▶ [INPUT DATA]:
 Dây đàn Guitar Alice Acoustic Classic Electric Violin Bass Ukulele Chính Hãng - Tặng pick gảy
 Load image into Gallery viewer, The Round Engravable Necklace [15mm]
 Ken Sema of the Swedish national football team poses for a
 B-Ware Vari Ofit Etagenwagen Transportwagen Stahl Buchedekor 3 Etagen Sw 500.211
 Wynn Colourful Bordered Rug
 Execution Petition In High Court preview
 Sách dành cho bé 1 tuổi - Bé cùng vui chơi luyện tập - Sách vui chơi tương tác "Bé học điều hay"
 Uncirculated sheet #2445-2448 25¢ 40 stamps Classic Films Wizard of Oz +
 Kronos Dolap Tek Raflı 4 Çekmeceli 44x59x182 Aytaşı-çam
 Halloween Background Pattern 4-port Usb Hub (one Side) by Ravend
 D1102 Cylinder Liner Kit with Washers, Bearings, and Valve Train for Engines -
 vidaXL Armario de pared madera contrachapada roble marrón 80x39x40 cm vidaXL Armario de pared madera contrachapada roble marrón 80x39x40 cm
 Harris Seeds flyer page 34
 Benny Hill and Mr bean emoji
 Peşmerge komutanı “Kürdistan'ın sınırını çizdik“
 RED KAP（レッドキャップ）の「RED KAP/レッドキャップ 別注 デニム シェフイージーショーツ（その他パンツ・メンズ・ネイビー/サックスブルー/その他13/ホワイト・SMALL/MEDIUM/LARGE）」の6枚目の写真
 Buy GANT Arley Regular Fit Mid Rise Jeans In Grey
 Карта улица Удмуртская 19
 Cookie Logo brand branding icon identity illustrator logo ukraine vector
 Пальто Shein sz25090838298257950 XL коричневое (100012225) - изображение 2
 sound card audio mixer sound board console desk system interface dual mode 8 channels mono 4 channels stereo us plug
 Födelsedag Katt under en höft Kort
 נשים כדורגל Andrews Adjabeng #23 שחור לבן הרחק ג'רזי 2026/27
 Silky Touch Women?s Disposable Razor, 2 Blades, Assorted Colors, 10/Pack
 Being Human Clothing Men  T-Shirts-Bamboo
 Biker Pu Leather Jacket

▶ [WHAT TO WORK ON]:
Nothing beyond the line containing "Wynn Colourful Bordered Rug" is to be output; the lines above, from the first one onward to that line, are to be transcribed exactly.

▶ [TASK OUTPUT]:
 Dây đàn Guitar Alice Acoustic Classic Electric Violin Bass Ukulele Chính Hãng - Tặng pick gảy
 Load image into Gallery viewer, The Round Engravable Necklace [15mm]
 Ken Sema of the Swedish national football team poses for a
 B-Ware Vari Ofit Etagenwagen Transportwagen Stahl Buchedekor 3 Etagen Sw 500.211
 Wynn Colourful Bordered Rug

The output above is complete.